Paz Dominguez, for her part, emailed a lengthy statement saying that, since her election in 2018, she has been focused on making institutional changes in order to increase scrutiny and maintain fidelity to the letter of the law. She framed the situation as a matter of integrity.

“The challenge we face is that the County as an organization has not fully adapted to working with our department in its new form,” her statement says. “There are still several key players that still yearn for the ‘rubber stamp’ days and are hoping that by placing increased pressure on us to cave, we will do so.”

The details of the dispute are awash in wonky accounting jargon, but much of it concerns a budgetary planning document called a cost allocation plan (CAP). This plan is something that each county must submit annually to the State Controller’s Office (SCO) for review and approval. Once the plan has been approved, counties are eligible to get reimbursed from state and federal agencies for carrying out programs that are mandated by the State of California and the United States government.

However, in order for the county to get that money, the Auditor-Controller must post the qualifying charges in a timely manner. Paz Dominguez hasn’t been doing so, according to the staff report.

“As of this writing, the Auditor-Controller has not posted all of the SCO-approved CAP charges for FY 2019-20,” it says. “Approximately $12.67 million in internal service fund and $4.6 million in central service charges have not been posted.”

As a result, the county hasn’t been getting reimbursed, and with deadlines approaching it may lose its opportunity to recoup $14.2 million for 2019-20 fiscal year. That could set off “a domino effect,” leading to negative balances in multiple county funds.

“Going negative is like over-drafting the checking account,” the staff report explains. “The only way to bring it positive is to transfer money from somewhere else, like a savings account.” The county could transfer money from its General Fund, the report states, but this would be “highly unusual and terribly unsustainable.”

“In effect, Humboldt County would be subsidizing the state and federal governments, and losing out on $14.2 million for local needs if this came to pass,” the report says. “A transfer this large would all but wipe out the General Fund and the county would rely on its meager reserves for any future revenue shortfalls and/or emergencies.”

The staff report goes on to enumerate several other “gaps” in the Auditor-Controller’s operations: Her office is several months late in closing the books on fiscal year 2019-20; she’s more than a year behind reconciling the county’s cash and investment accounts; and she’s late counting the money in the county treasury, which means revenue from interest-bearing accounts isn’t getting distributed to schools, special districts or the county’s own General Fund.

In her emailed statement, Paz Dominguez recounts the history of the Auditor-Controller’s Office from the time she was hired as the assistant auditor-controller in 2017. Under Joseph Mellett, she says, the office lacked sufficient training and staff morale was low.

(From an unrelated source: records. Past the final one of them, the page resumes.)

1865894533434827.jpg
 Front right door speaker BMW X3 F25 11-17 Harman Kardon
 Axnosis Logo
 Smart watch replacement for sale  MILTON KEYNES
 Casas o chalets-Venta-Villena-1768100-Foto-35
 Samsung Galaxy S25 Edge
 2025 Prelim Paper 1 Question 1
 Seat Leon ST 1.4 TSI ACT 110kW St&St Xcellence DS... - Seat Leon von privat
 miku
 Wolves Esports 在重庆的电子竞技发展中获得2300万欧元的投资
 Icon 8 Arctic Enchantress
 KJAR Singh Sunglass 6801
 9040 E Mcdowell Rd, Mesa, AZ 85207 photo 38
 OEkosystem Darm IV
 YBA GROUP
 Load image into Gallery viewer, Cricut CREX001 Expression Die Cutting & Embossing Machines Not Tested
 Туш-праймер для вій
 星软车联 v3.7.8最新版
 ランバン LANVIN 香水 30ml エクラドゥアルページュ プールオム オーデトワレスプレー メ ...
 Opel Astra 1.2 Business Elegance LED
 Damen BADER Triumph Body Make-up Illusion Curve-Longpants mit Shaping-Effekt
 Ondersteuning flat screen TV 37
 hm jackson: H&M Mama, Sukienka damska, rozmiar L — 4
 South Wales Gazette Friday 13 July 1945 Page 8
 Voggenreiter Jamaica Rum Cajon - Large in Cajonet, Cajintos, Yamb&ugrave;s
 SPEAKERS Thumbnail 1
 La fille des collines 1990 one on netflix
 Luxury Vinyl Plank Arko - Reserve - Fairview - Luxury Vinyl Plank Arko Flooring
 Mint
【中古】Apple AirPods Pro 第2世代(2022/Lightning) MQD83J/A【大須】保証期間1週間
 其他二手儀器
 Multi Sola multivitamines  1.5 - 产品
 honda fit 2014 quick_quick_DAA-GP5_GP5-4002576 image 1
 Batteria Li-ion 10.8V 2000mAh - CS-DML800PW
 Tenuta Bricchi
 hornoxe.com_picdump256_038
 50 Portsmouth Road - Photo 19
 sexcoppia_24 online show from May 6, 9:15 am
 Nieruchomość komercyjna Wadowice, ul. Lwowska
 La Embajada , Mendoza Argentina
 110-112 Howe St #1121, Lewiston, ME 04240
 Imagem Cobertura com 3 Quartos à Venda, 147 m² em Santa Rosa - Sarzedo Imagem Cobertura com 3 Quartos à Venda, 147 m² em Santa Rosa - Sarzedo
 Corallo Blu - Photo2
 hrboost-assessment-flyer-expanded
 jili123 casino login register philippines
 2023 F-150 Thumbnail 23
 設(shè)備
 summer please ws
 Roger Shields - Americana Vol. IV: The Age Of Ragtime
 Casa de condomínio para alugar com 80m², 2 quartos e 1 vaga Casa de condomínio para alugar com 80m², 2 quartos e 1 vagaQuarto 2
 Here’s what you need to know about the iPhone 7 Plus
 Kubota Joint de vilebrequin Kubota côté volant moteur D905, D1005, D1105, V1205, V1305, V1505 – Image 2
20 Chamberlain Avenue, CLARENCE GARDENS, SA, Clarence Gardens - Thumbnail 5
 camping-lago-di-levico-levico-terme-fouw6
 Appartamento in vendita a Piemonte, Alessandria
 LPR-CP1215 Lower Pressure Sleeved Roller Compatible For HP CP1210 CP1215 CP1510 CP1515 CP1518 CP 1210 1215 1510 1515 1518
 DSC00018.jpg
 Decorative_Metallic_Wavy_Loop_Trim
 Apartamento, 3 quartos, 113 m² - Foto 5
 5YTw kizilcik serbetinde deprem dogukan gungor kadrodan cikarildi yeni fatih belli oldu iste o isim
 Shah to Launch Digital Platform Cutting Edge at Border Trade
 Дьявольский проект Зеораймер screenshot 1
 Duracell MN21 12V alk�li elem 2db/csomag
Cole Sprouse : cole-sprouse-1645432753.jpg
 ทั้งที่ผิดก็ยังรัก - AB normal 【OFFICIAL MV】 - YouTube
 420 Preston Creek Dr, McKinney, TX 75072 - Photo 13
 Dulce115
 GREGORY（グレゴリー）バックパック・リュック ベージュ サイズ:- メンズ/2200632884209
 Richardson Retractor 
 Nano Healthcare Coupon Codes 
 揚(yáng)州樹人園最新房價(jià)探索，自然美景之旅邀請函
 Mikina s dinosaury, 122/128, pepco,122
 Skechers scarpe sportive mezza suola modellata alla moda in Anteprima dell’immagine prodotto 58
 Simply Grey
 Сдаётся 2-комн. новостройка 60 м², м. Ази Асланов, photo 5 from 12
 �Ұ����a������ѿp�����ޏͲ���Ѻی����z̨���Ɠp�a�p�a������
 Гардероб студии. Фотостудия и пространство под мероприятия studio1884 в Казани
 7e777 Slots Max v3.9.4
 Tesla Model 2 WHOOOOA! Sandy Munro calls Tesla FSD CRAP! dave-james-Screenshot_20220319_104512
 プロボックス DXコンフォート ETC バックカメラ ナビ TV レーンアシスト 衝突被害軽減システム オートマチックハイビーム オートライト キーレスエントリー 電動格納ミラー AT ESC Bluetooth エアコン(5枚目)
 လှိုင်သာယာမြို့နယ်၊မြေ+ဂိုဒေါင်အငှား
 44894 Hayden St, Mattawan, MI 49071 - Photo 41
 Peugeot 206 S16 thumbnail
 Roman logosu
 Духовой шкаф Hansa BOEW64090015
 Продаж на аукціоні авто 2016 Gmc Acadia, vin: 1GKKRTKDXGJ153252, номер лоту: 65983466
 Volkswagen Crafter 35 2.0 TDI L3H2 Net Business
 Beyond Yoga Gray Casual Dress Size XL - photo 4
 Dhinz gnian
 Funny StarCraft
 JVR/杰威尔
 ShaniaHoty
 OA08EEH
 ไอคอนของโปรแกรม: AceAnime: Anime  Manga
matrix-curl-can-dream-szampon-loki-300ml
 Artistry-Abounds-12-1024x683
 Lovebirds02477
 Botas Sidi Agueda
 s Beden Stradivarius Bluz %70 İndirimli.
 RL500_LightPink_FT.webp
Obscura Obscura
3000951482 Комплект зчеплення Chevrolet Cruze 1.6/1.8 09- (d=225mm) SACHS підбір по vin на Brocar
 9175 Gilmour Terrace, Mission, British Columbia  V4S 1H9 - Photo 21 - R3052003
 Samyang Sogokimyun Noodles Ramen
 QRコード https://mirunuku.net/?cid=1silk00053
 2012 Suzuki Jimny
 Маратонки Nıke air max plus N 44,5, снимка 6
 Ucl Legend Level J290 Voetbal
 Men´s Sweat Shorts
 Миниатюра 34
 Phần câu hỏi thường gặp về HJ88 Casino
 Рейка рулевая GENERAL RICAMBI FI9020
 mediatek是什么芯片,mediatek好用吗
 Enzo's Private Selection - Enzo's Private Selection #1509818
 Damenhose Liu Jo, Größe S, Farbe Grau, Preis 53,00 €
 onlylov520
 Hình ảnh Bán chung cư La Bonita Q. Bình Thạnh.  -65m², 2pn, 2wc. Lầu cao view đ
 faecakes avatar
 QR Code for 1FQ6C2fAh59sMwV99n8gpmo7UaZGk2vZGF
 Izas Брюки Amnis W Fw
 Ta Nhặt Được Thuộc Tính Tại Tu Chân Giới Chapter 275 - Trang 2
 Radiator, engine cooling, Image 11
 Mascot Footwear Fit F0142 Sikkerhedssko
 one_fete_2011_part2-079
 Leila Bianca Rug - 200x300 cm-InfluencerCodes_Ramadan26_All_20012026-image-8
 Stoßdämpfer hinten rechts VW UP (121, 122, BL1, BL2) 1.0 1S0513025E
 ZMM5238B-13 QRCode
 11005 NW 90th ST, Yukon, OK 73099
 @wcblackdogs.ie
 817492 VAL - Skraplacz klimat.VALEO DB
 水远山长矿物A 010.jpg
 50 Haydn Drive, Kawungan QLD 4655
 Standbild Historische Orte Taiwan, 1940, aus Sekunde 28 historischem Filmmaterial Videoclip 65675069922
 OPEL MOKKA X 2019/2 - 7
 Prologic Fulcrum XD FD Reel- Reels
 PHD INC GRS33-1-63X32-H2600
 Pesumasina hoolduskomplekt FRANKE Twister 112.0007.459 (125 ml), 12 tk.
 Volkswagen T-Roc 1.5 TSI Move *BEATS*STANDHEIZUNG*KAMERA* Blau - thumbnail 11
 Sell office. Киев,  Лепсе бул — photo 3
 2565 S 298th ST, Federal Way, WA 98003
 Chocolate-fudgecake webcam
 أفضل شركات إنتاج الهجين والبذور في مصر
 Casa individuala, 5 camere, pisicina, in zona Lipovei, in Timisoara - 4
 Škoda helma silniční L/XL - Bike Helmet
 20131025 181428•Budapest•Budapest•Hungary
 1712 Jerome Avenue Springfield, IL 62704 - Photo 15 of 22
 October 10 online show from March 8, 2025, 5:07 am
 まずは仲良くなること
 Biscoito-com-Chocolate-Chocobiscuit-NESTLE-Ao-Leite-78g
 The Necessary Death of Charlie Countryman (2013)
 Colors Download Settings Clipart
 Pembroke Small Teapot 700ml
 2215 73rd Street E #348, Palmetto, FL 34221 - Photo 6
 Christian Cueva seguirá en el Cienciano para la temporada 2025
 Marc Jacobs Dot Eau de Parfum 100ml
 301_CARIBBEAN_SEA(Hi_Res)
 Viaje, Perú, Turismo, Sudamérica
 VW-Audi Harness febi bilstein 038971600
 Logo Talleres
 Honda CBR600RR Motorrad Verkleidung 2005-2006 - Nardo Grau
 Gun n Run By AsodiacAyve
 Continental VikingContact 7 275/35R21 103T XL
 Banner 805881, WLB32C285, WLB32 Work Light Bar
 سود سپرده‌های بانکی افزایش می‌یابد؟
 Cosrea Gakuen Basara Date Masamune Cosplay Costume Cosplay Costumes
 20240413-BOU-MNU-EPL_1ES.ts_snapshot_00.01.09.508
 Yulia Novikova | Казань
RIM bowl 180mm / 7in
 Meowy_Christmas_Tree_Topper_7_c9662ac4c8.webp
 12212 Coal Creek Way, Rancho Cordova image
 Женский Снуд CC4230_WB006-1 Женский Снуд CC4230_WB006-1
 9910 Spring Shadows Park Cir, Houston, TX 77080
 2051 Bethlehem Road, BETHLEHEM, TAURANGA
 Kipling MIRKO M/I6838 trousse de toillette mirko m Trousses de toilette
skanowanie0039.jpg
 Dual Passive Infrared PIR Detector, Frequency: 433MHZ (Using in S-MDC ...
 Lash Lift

After she took over the top job she decided, “I would need to make some institutional changes, starting with ending the ‘rubber stamp, get it done’ way of operating.”

The problem was that she didn’t have enough people. Indeed, Paz Dominguez first came to the public’s attention three years ago, when she took the microphone at a Board of Supervisors meeting and said severe understaffing in her office was leaving the door open to “unethical and fraudulent financial activity.”

Staffing in has been increased by 25 percent — the equivalent of three full-time employees — since Paz Dominguez took office, according to county staff. However, she says her entreaties for help have been rejected.

“[D]ue to the continued denial of our requests for additional staffing, we are having to revert back to that survival mode I walked into 3 years ago,” her statement reads. “The difference now is that we refuse to let go of our commitment to protecting public funds by ensuring that all transactions are accurate, appropriate, and authorized.”

She also says she’s relieved that Monday’s meeting has been called because it will allow the matters to be discussed in a public forum.

Paz Dominguez also forwarded an email she sent to Bass and Bohn last Monday, in which she explains that certain delays are the result of her scrupulous adherence to the rules.

“The Federal government is explicit about charges needing to be justified and provable by actual level of effort. Unfortunately, this County is basing charges upon estimates and projections, not actual costs or expenses,” her email stated. “The County is already being questioned about such charges and I certainly don’t want to add fuel to the fire by just posting them for the sake of ‘this is how we’ve always done it,’”

The staff report, on the other hand, says the county’s charging methods have been approved by both the State Controller’s Office and by an independent third-party review by “a reputable consulting firm.”

Paz Dominguez has support from employees in her office. Seven of them wrote a statement in her defense and sent it to the Board of Supervisors. They also forwarded it to the Outpost. It accuses supervisors, administrators and department managers of “scapegoating” Paz Dominguez while “seemingly undermining” the efforts of the hardworking public servants in her office, who suffer from burnout due to their “incredible workload.” You can read the full statement here.

Tensions between Paz Dominguez and other county officials seem to be boiling over with increased frequency this year, with tomorrow’s Board of Supervisors meeting being just the latest example.

“It is highly unusual to bring fiscal operational issues into a Board meeting,” the staff reports at the outset. “However, we are faced with highly unusual circumstances.”

The virtual meeting will begin at 9 a.m. A link to the county stream will be available via this county webpage starting shortly before that time.